With both modelling and gaming the views of friends and family often veer towards them believing we’re a bit special, but not in a complimentary way. Occasionally that gentle misnomer devolves into a raised state bordering between simple insanity and being found fiddling with a farmyard animal. This project was one of those for me and my family, askew looks, whispering, and pledges of not mentioning it to anyone outside of the immediate tribe. That aside I’m now the owner for a very nifty looking opium poppy field – but be aware its for personal recreational use only.

Firstly I made a trip to the haberdashers for pins of several sizes and some small glass beads which could be slid on to the pins. These were then superglued to the heads of the pins to make the stalk with it’s capsule and the pin head as the crown. For the few flowering ones I sandwiched a sequin between the bead and the pin head. Once dried I ran two or three bands of superglue around the shaft of the pin and flocked it with a long fibrous flock. These were then sprayed and stuck into the furrows which are strips of cork glued onto an MDF base. A small amount of more flock around the base et voila!

mThere’s just shy of one hundred pins on this quite small field, but it’s a handy game prop and I may even make another – and then onto maize!

A photo how-to make these is available here.

 

Captain Stinky Rools

February 27, 2012

Here’s a couple of scenics which might put a few of you dear readers to shame. They’re old GW bits which I’ve had hanging around for years which have finally had something done to them, namely the newly honed terrain skills of Captain Stinky aged 7 and 11/12ths. Armed with the finest brushes the 99p shop could offer, a £1 sampler pot from Wilkinsons and a limited choice of bits from his Grandad’s supplies the young lad took his time but did manage a decent pair of models which most of us would be happy to have on our table. The pieces have been undercoated, then painted a very light grey and finished with Devian Mud for the wash. Then they’ve been glued to MDF which has a selection of boulders hand-picked by Stinks himself from the beach, sand on the inside and grass on the outside. His very first scenics to accompany his humble collection of W40k figures.

What des the lad himself think? “Pew-pew-pew” is all I could get out of him.

Trench Afoot

February 16, 2012

Gutted as I was to realise I’d already used the pun “Last Ditch Effort” I’m happy with this new secnic which I’ve just completed. It’s not only a handy piece but it proved to me how our humble Slug Industries sandbags and planking actually knock together to make a decent model without the hours I’d have spent in the past by hand making every single piece.

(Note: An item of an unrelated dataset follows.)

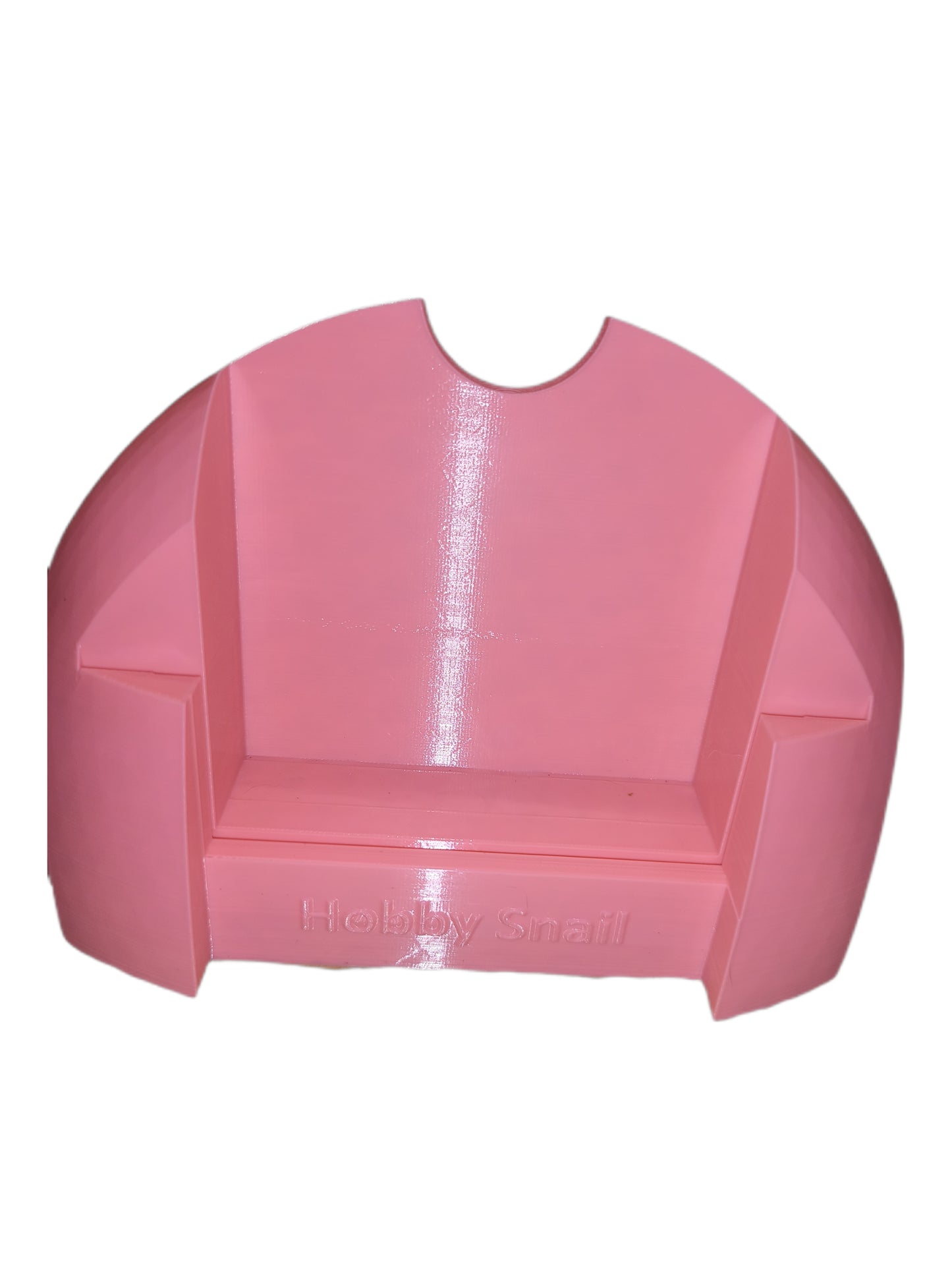 support pour tapis chauffant 5 Watt ou 7 watt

It also gave me an opportunity to use modrock, a bag of which I’d bought around a decade ago but never even opened. It’s a great material, gloriously messy with a hint of mudpies making the endeavour an even deeper recession into child-like joy. To start with I glued the sandbags in place, then used scrap foamboard to make formers for the ground. I wanted the look of earth which had been dug up and piled just a couple of months before, so quite smooth, howvere if you wanted more craggy a style that would be possible too. I overcoated it with Woodland Scenics plaster, or wotsit hydrocalifornia as they insist on calling it. It was great fun and I recommend it for that reason alone, anything more is a plus eh?

Then it was a bash of colour prior to flocking. I used three types, short dark for the undercoat, longer on top with a few added sprinkles of a flowery flock. The planking was stuck in place, plus a few crates, an oil drum and some single sandbages which we’ve not released yet and the piece was complete. It comes alive with a few figures, these all Uncle Crouchie’s BEF range now available from the ever regal Warlord Games.

Finally the hour spents cutting the seams on all those sandbags and the grain on the planking has proved itself worthwhile now on with the slaughter!